I'll admit it...I used to get a kick out of watching American wrestling when I was 18 or so. I thought it was fun. That was until the WCW came to town during freshman year of college. We all know it's fake. But seeing it in person? Woof. It was so ridiculous that I decided then and there to stop rotting my brain with such nonsense.
That was, of course, many years ago, and while I have kept my promise of no longer watching American wrestling, a sick curiosity has pervaded my consciousness since the day we arrived in Mexico. I have been dying to see Lucha Libre. And last Tuesday, I finally did.
Lucha Libre (translation: free fighting/wrestling) is a form of professional wrestling in Mexico and other Spanish speaking countries that utilizes various mock combat theatrics to entertain the audience while simulating an authentic wrestling match.
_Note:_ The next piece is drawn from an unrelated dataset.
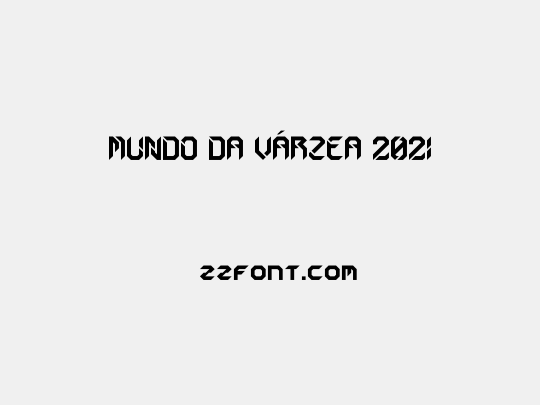 MUNDO DA VÁRZEA 2021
Basically, it's like the WWF, WCW and ECW in the US...but with colorful masks and even more grandiose costumes. Oh, and the occasional curse word thrown from one audience member to another, for good measure. Poor TJ made the mistake of wearing a pink sweater to the event, and was branded "puta en la rosa" for the duration. Audience members siting ringside will sporadically turn to face those sitting in the cheap seats and berate them with chants of "Pobres, Pobres," followed by a colorful suggestion of what they can do with their mothers.
The great thing about Luchadores is that they don't weigh the action down with nonsensical telenovela-style drama like the wrestlers in the US. They hop in the ring, get introduced, and then lay the smack down. Nobody cares who holds the title belt, who has formed an alliance with who, or whether or not the mysterious disguised stranger is actually a well-known wrestler out for a comeback or revenge or whatever.
Or maybe they do. I'm still working on my Spanish comprehension.
What I do know is that there isn't a lot of talking and bellyaching. When you go see a fight, you definitely see a fight, choreographed though it may be. But you know what? The outfits, the environment, the fans...it's all so charmingly absurd that it doesn't matter if it's real or not.
Perhaps there are a few wrestling organizations in the US that could take a page from this book.
For those of you in the USA interested in Lucha Libre, I suggest checking out this site for local listings, merchandise, and tour information.
As for me...I'll definitely be going again soon. This, I can rot my brain with.